Foreign Language in College? Depends on the Outcomes

In today's WSJ Curmudgeon Jim Sollisch argues against foreign language requirements: students don't learn to function in their languages, and other courses are more commercially valuable.

How does SWNID respond? That Sollisch has a point about the way that most colleges teach and most students learn foreign languages, which argues for something different from both than what he proposes. We suggest, in other words, a tertium quid.

Sollisch says his daughter studied French but can barely read a menu. Probably so. Her college French teachers likely had as little interest in teaching conversational French as she had in learning it. The profs' real interest was French literature and teaching the same to grad students and advanced undergrads. Like most humans, college language profs want to create others in their own image.
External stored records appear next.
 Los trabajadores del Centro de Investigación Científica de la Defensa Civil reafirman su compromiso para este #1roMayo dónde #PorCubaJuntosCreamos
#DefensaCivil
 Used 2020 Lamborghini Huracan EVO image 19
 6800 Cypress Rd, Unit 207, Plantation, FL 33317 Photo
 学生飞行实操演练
Sollisch says that his son took Swahili as an easy way to knock out his undergrad requirement (which makes us inclined to guess where Sollisch Junior went to college, but that's a matter for Northwestern University to take up). So he made a bad choice because he reflected daddy's indifference. No surprise there.

We think there's a more excellent way than simply indulging Sollisch's cynicism. There's Drake University's approach.
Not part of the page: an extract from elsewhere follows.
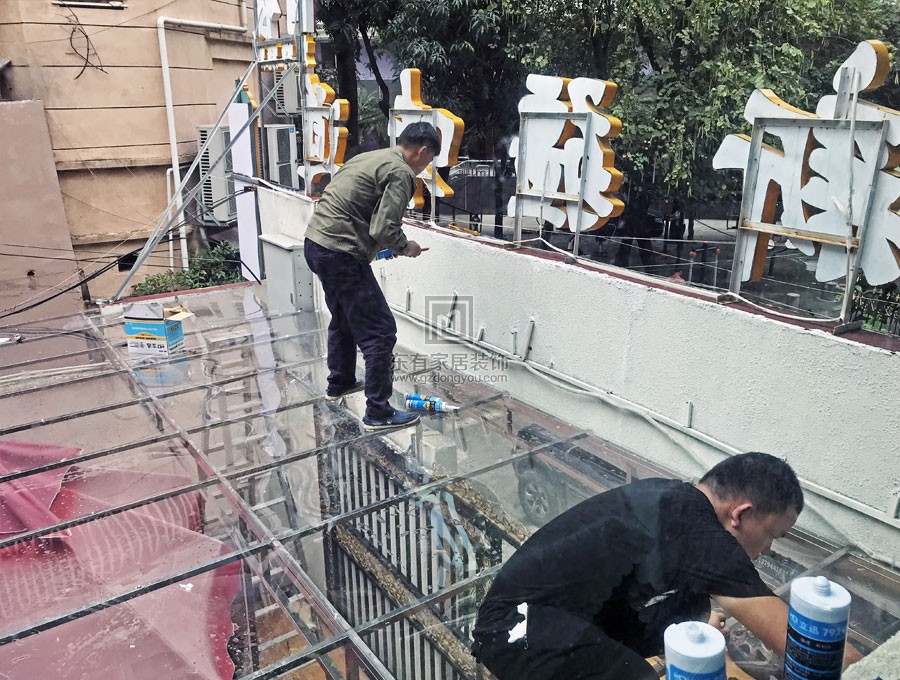 華僑新村徐先生不銹鋼雨棚 YP-035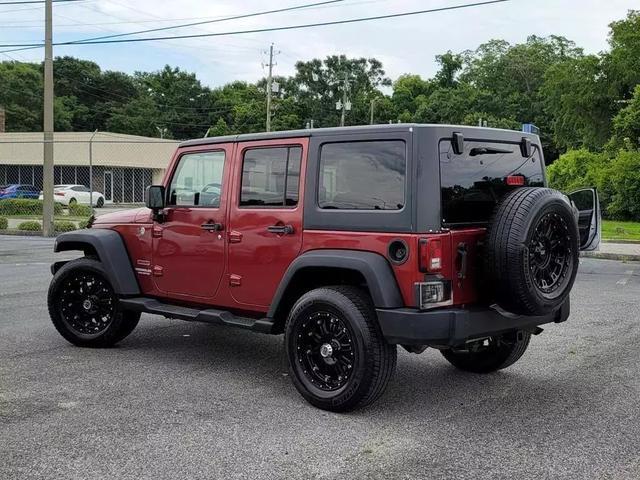 used 2013 Jeep Wrangler Unlimited car, priced at $11,995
Note quite a decade ago, Drake dismantled its foreign language department after honestly concluding that its students were learning about what Sollisch says they learn. But they didn't stop trying to teach students to speak other languages. Now Drake has a department of World Languages and Cultures. Students who study languages meet in very small groups led by native speakers, mostly foreign students at Drake, supervised by profs who do instruction on language acquisition, culture and such. Examinations are oral. The program ruthlessly pursues a single outcome: ability to speak the language and understand it when it is spoken.
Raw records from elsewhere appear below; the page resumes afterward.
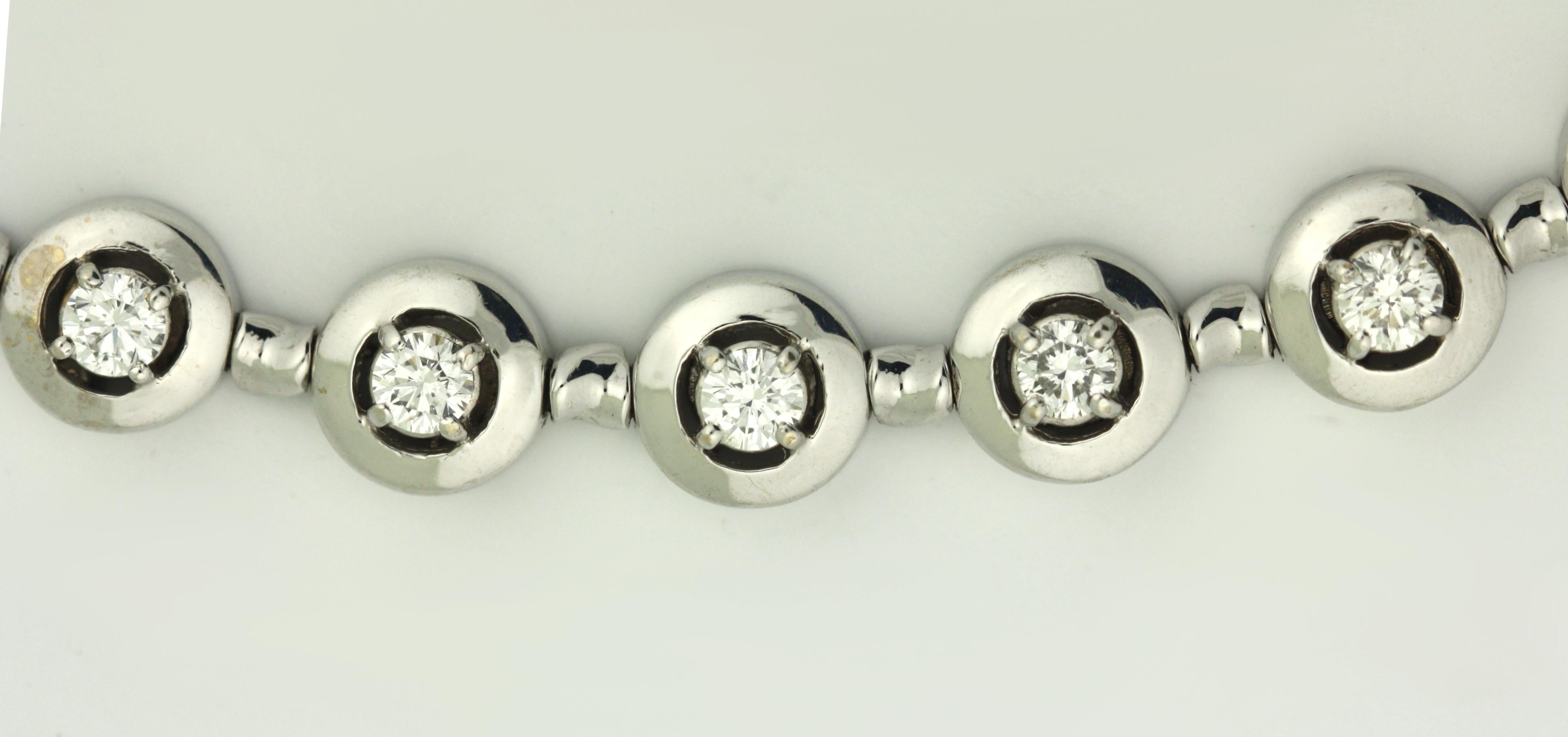 Taille ronde Bracelet en or blanc 18 carats et diamants en vente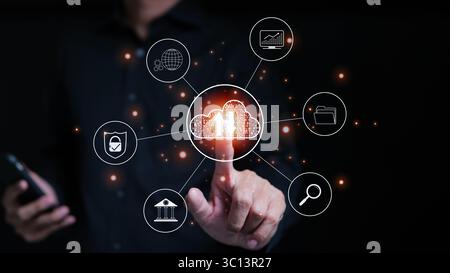 Tecnologia di cloud computing e storage di dati online per il concetto di rete aziendale. Un uomo d'affari che tocca il diagramma dei dati delle icone di archiviazione cloud Foto Stock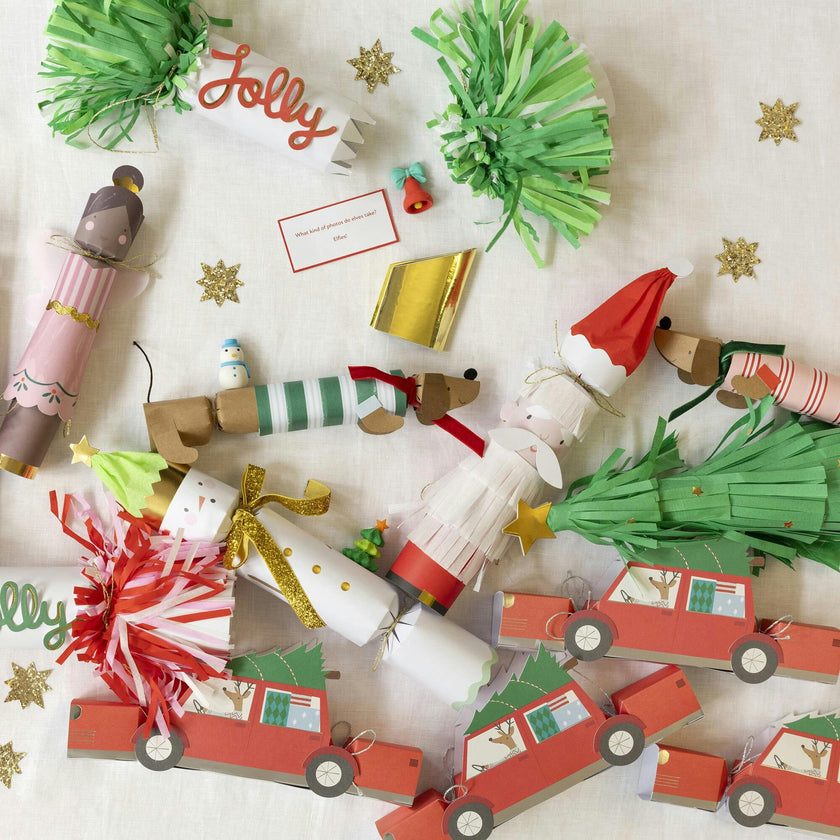 Jolly Holly Fringe Crackers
Obviously there's no sitting back and slipping by in such a program. So much the worse for indifferent students like Sollisch's son, who work hard not to learn. But students sign on for college so that someone will force them to learn what they wouldn't otherwise, ci?

Somehow we think that such a program will be at least as valuable as a course in web design or some other commercial skill du jour. So much for your Weltschmerz, Mr. Sollisch.

2 comments:

Christine said...

I think ultimately the best way to learn a foreign language is to be forced to depend on it the way one does when living in another culture.

However, it's both expensive and impractical to do this and I don't most of us will ever use the languages we took in college, but so what. I took 4 semesters of German, but I have never been to Germany and most likely, will never visit. I used my German a little bit when in a different country years ago but it was hardly worth it if that's how one measures the value of study.

However, I enjoyed it and got a small peak into another culture and improved my English along the way.

If you are going to judge the study or foreign language by it's commercial application, the only languages we should teach in the US are Spanish and Mandarin.

JB in CA said...

I remember a story about graduate students complaining at a department meeting about how their department's language requirement had no practical use and only slowed down their progress. One of the faculty members disagreed, saying that knowledge of a foreign language was more relevant to their scholarly pursuits than they might think. For instance, if he had known French, he would not have been at such a disadvantage when he attended a lecture by a French-speaking scholar the previous month. One of the students asked him if he had to satisfy the language requirement in French when he was in grad school, to which the professor answered triumphantly, Of course!—without any sense of irony.